Tous les deux ans, les protestants allemands vivent un grand rassemblement avec cultes, célébrations œcuméniques, village d’initiatives (quelques centaines d’organisations qui tiennent leur stand au palais des congrès), ateliers, concerts, conférences et débats (avec de nombreux invités du monde politique, ministres, élus locaux et nationaux, même le chancelier et le président y sont)… Toute la ville accueillant le rassemblement vit pendant 5 jours au rythme du Kirchentag et plusieurs dizaines de milliers de personnes y participent, de façon très fidèle. Il s’agit d’un rassemblement organisé par des laïcs, l’EKD (Evangelische Kirche in Deutschland, Église protestante en Allemagne) et ses 21 Landeskirchen (Églises régionales) y étant associées.

Cette 39ème édition a eu lieu à Nuremberg, en Bavière du nord (Franconie), du mercredi 7 au dimanche 11 juin. Une délégation française, menée par Anne-Laure Danet de la Fédération Protestante de France, s’y est rendue. Elle était composée majoritairement de représentants de l’UEPAL (Union des Églises Protestantes d’Alsace et de Lorraine), habituée du Kirchentag ; ainsi que de représentantes de l’EPUdF (Église protestante unie de France) ; d’aumôniers protestants aux armées, invités par leurs homologues de l’armée allemande ; de la directrice des programmes du Foyer le Pont (centre de rencontre des églises protestantes d’Europe à Paris, labellisé Église verte) et d’autres personnes du domaine du Lazaret à Sète, pour représenter les maisons protestantes en France et de moi-même pour représenter le label Église verte.

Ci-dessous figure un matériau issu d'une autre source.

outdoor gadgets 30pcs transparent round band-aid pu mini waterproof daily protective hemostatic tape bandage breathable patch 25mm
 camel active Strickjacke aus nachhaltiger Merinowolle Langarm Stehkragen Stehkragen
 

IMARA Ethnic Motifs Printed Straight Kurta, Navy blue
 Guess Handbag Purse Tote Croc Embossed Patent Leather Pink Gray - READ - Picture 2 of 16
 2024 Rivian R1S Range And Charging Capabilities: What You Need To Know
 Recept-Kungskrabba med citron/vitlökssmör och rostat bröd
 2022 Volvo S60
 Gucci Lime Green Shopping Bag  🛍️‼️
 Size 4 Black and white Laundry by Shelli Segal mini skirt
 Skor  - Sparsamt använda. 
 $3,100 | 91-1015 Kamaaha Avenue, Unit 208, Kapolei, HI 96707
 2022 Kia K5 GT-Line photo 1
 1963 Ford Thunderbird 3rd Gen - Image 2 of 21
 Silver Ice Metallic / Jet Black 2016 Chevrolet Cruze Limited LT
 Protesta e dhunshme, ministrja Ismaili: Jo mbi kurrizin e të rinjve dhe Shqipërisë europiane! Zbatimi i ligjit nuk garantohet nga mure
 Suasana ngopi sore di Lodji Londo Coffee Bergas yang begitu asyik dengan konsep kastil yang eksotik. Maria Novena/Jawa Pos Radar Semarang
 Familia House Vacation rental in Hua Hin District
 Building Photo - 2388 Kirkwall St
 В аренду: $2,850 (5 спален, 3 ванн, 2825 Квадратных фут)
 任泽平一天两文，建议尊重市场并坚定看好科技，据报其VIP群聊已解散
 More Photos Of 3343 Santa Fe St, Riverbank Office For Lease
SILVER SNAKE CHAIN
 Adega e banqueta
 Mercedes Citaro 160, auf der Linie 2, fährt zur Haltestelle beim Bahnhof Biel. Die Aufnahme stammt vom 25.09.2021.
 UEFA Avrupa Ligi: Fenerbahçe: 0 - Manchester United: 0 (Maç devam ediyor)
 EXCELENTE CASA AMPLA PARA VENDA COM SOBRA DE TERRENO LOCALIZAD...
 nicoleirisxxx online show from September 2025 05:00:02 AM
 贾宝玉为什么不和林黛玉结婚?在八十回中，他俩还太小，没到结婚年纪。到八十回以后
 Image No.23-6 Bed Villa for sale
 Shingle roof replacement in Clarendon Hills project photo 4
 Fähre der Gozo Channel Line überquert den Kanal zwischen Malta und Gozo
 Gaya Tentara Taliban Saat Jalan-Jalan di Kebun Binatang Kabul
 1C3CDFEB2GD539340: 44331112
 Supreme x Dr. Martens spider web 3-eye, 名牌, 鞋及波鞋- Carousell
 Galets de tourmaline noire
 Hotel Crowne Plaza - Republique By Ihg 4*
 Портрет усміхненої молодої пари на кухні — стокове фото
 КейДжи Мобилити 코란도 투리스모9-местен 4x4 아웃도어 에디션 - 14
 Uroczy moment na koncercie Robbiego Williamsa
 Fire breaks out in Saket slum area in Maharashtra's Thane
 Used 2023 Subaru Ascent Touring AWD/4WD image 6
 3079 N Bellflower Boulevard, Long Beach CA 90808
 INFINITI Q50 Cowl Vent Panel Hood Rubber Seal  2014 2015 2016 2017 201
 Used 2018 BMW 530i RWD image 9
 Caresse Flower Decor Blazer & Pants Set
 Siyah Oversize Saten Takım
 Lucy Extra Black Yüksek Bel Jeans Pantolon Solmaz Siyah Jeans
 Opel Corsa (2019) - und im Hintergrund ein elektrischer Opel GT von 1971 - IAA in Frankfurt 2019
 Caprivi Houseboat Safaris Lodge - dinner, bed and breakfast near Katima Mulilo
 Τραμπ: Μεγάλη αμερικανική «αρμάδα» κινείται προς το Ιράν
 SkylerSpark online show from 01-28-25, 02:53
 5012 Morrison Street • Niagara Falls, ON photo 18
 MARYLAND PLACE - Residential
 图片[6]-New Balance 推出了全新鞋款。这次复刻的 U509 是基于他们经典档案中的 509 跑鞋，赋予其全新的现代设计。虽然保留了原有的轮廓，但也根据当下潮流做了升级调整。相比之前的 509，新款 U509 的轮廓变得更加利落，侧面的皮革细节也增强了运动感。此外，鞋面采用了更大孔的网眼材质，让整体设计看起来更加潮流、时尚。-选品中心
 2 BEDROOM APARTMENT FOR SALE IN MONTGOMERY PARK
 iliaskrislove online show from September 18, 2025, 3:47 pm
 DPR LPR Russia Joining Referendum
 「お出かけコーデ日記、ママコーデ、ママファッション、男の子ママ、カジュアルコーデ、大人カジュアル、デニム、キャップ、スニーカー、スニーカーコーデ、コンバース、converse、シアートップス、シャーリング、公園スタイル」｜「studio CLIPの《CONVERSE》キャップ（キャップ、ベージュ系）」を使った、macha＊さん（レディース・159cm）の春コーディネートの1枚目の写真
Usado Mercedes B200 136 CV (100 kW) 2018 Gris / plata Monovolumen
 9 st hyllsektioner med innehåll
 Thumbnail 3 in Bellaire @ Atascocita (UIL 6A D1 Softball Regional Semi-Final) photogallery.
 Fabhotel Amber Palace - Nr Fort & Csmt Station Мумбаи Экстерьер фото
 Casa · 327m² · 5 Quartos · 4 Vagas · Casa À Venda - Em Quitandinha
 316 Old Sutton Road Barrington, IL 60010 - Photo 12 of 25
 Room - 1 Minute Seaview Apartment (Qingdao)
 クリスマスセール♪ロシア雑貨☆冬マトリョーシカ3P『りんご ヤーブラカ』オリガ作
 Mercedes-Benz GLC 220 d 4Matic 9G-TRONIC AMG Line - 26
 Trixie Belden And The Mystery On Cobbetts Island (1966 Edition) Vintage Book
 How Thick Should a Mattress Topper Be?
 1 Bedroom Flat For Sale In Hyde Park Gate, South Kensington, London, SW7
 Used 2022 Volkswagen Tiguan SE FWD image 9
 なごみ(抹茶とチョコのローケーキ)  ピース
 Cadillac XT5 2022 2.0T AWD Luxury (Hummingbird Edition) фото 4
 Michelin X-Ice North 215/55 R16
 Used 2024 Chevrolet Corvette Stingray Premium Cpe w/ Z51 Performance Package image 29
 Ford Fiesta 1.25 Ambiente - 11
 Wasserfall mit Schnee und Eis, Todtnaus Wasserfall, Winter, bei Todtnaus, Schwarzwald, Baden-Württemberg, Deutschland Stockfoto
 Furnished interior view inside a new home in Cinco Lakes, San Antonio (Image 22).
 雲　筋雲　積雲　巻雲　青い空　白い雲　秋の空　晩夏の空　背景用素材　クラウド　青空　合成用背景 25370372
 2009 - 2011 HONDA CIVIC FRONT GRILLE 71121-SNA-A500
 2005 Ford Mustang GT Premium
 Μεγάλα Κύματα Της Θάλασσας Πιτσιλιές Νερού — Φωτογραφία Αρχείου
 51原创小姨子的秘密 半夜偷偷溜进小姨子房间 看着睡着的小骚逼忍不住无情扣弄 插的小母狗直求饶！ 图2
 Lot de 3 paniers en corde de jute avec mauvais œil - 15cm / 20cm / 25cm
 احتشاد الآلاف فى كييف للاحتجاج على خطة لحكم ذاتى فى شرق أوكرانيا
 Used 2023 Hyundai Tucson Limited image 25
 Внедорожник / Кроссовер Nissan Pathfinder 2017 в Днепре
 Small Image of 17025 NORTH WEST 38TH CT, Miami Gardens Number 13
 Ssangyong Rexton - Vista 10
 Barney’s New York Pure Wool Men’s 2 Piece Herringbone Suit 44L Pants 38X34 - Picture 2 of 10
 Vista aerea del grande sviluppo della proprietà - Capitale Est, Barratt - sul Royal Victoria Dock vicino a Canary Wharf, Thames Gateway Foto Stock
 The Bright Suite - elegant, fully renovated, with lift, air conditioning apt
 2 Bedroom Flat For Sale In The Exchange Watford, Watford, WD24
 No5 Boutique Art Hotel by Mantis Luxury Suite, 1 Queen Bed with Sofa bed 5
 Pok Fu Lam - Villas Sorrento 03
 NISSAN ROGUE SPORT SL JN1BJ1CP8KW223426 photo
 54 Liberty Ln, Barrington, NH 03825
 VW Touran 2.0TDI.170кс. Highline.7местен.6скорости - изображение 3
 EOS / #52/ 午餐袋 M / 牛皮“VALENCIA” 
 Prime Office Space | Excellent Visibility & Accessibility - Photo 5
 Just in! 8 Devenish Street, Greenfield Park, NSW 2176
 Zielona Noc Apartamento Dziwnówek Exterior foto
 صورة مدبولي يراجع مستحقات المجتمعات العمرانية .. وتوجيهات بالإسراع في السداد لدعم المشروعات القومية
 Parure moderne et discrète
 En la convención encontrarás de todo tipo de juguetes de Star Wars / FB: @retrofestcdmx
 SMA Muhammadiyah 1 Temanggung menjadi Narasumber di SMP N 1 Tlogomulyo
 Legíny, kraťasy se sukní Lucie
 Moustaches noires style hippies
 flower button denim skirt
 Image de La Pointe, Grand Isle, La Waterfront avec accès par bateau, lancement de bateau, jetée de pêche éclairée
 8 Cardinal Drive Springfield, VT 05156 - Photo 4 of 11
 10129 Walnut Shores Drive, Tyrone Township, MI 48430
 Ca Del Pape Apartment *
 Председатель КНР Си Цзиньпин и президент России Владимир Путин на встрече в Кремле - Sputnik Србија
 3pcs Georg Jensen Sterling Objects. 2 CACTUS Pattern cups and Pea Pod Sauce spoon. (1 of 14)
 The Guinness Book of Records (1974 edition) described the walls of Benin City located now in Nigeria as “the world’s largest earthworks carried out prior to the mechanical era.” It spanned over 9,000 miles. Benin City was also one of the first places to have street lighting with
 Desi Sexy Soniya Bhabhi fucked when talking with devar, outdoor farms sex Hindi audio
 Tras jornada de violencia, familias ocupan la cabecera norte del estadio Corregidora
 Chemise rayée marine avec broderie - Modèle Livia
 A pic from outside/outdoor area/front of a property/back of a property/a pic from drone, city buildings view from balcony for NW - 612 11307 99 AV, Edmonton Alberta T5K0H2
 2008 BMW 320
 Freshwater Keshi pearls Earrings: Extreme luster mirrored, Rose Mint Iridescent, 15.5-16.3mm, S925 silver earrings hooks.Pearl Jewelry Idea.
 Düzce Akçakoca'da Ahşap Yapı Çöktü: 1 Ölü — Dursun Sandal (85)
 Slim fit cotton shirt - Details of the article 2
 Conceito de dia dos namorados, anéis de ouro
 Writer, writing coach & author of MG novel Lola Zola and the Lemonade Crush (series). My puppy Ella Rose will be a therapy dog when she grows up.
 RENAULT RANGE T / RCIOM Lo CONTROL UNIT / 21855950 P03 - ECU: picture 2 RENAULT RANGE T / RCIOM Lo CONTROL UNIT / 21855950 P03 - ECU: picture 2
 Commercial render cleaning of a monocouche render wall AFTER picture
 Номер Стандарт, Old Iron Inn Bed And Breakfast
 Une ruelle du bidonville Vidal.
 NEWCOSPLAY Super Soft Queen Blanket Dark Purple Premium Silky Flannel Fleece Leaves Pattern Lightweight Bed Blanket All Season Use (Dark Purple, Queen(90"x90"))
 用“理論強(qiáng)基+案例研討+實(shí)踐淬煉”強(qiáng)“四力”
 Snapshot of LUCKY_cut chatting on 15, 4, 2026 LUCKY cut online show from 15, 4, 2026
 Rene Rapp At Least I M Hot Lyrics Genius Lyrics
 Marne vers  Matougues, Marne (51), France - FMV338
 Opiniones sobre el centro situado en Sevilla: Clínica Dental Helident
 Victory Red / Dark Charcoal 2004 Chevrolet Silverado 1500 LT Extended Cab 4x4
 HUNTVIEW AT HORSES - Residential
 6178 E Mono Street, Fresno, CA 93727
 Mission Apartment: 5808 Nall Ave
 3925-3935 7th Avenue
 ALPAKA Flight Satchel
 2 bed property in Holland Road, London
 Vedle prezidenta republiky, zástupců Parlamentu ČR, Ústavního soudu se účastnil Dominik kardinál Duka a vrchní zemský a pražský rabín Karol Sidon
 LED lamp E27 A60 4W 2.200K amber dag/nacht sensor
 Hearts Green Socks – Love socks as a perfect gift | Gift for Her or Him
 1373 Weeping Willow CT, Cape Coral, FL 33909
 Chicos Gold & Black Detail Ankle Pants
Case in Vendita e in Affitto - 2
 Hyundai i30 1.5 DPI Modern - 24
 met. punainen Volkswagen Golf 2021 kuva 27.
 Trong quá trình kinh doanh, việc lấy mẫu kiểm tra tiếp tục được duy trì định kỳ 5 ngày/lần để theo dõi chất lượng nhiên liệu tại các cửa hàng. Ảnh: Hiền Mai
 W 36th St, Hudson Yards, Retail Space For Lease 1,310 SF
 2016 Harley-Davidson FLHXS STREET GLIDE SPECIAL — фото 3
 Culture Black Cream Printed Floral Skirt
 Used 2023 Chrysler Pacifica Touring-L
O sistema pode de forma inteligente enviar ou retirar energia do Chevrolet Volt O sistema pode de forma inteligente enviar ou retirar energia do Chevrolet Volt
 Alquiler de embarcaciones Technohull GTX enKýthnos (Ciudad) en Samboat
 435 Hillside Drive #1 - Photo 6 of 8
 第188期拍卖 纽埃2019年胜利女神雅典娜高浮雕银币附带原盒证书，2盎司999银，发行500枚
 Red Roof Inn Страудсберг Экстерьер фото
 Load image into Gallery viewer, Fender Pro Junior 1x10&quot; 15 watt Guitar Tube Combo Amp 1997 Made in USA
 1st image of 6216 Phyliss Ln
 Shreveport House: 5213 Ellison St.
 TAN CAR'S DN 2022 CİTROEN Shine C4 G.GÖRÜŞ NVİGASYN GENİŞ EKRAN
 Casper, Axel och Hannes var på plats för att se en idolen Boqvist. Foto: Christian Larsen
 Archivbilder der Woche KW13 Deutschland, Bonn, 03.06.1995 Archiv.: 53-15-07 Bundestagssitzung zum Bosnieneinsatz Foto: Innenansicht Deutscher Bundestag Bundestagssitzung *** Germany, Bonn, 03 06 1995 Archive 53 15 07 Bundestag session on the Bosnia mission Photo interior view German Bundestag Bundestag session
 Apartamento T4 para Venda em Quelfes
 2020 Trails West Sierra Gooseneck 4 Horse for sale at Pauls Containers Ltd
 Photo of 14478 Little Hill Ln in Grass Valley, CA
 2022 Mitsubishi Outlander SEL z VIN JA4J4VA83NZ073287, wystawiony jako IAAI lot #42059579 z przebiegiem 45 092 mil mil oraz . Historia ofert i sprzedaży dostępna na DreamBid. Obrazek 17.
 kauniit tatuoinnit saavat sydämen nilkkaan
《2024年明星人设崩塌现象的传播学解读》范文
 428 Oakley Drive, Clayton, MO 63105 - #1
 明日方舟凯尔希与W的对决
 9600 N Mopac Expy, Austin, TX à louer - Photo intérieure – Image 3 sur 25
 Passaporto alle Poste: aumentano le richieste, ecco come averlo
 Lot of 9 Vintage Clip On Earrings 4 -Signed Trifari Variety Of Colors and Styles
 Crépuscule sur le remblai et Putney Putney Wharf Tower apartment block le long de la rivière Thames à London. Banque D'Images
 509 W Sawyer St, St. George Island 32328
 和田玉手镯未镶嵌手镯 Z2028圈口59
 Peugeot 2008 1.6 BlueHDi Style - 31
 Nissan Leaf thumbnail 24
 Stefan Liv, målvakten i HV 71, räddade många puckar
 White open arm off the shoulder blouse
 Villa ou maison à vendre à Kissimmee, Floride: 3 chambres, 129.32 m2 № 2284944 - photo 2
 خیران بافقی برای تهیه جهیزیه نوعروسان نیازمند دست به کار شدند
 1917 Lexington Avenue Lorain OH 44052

Sur notre stand, en plus de discuter librement, les passants pouvaient jouer à notre jeu des plantes bibliques (texte à trous avec des versets bibliques dans lesquels il fallait placer la bonne plante) : les cinq choisies étaient celles des niveaux du label.

Nous avions également un jeu commun avec des questions sur les membres de la délégation (les questions portant sur Église verte sont à retrouver en bas de l’article, si jamais vous souhaitez les réutiliser pour vos stands – les versets bibliques et les dessins des plantes sont ). Ecrivez-nous si vous souhaitez emprunter le jeu, nous l’avons à Paris (merci à Corinne de l’EPUdF pour la réalisation pratique !).

 

Nous avons profité de notre présence au « Markt der Möglichkeiten » (marché des possibles) pour aller à la rencontre d’initiatives allemandes et étrangères -nous étions dans la section internationale, nous avons découvert de nombreuses choses dont nous pouvons nous inspirer :

L’initiative œcuménique allemande « Nachhaltig predigen », lancée par quelques pasteurs il y a plus de 15 ans suite à des interpellations de la part de leurs collègues « La Bible ne parle pas d’économie d’énergie et d’autres thèmes écologiques actuels, comment faire pour parler de ces sujets lors d’un culte ? ». Une soixantaine de contributeurs alimente le site Internet avec une exégèse des textes luthériens et catholiques pour chaque dimanche et fête de l’année, en expliquant les liens que l’on peut tisser avec la sauvegarde de la Création. Depuis 2018, le site a été traduit en anglais avec l’aide, notamment financière, du diocèse d’Europe de l’Église d’Angleterre (anglicane) et de l’UE. L’équipe de Nachhaltig predigen serait tout à fait prête à lancer la traduction en français, il suffit simplement de trouver le partenaire, avis aux intéressés !

 

Christians 4 Future, une émanation du mouvement « Fridays for Future » (plus connu sous le nom de « Youth for Climate » en France), les grèves scolaires du vendredi pour le climat (lancées par la suédoise Greta Thunberg en 2018). En Allemagne, ce mouvement a été plus conséquent qu’en France et a donné naissance à d’autres (parents, grands-parents, étudiants et chrétiens pour l’avenir). Christians 4 Future tenait un stand aux côtés de la branche « foi » du mouvement de désobéissance civile écologique Extinction Rebellion (et de GreenFaith, qui également présent en France).

 

 

Ces « chrétiens pour l’avenir », en plus de participer aux marches pour le climat, à des actions dans l’espace public type « chaîne humaine » en tant que chrétiens, d’organiser des marches méditatives etc, ont adressé une série de demandes concernant la prise en compte de la crise climatique aux diocèses et églises régionales. Ces demandes incluent tant d’élever une voix prophétique sur ces sujets que de mettre les actions des églises en cohérence avec l’Accord de Paris (par exemple la neutralité carbone avant 2045), ainsi que de traiter pastoralement et théologiquement ces sujets. Certains des engagements ressemblaient fort à ceux adoptés par l’Église protestante unie lors de son synode de 2021. Les différents groupes locaux de Christians 4 Future poursuivent la discussion avec les différents diocèses et églises régionales, dont certains se sont déjà engagés à atteindre la neutralité carbone.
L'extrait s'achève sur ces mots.